Architect for Life, a small firm specializing in green technology projects, found itself facing an operational challenge familiar to many service businesses: Clients pay for its billable hours and expenses, yet it spent way too much time just tracking its time. Tracking employee hours and expenses--and then turning that information into a billable invoice--was a painstaking patchwork of documents, spreadsheets, and--gasp--actual pens and paper. The problem was compounded by the firm's virtual nature: It has 12 people spread across five states, and it adds temporary staff on a project basis.
So the company moved everything online, automating its time and expense tracking with Replicon's cloud-based software. Architect for Life president Lolalisa King said in an interview that the productivity gains have been enormous--more on that below--but the real return on investment came with an actual dollar sign. Since automating time and expense management, Architect for Life has begun going up against larger companies for federal contracts--and winning.
"There is no way we could compete with multi-million dollar companies without this Web-based system," King said. A key reason: The heavy-duty regulatory demands attached to government money. Architect for Life recently won a $2.8 million Department of Energy grant to oversee eight different green projects.
"Whenever we're working on federal [projects], you can guarantee the auditors are going to come in and look at how you're invoicing and what you're invoicing," King said. "When we get audited by a federal agency like the Department of Energy or Department of Transportation, we can pull those records in no time and show them how we accomplished what we did, say, three years ago."
Prior to automation, King said her firm simply wasn't equipped for that kind of compliance. Particularly given the virtual makeup of Architect for Life's small team, storing everything centrally at a data center—albeit someone else's--has been a boon.
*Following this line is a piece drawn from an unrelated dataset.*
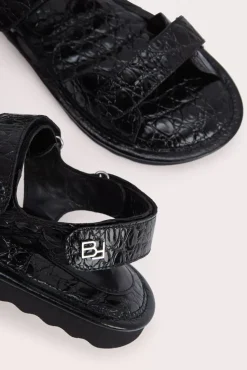 Gideon Black Circular Croco Embossed Leather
King said it also suits the firm's green.
"Nobody has to have a desktop anymore," King said. "As long as they can get Internet access, they can log in to all of their drawings, proposals, accounting information--whatever they need to work and do what they have to do."
While the bottom-line boost is exhibit A in proving ROI, King said productivity gains--no small matter with just a dozen people on the regular payroll--have been significant. Generating a client invoice used to take anywhere between eight and 16 hours, according to King. Today, it takes 15 to 20 minutes.
King calls her company's technology portfolio "kind of boring," but she's a converted proponent of the cloud: "It's the way to go." Pay-for-what-you-use models are a good fit the firm's flex staffing needs.
"Talk about low overhead," King said. "It makes us very competitive."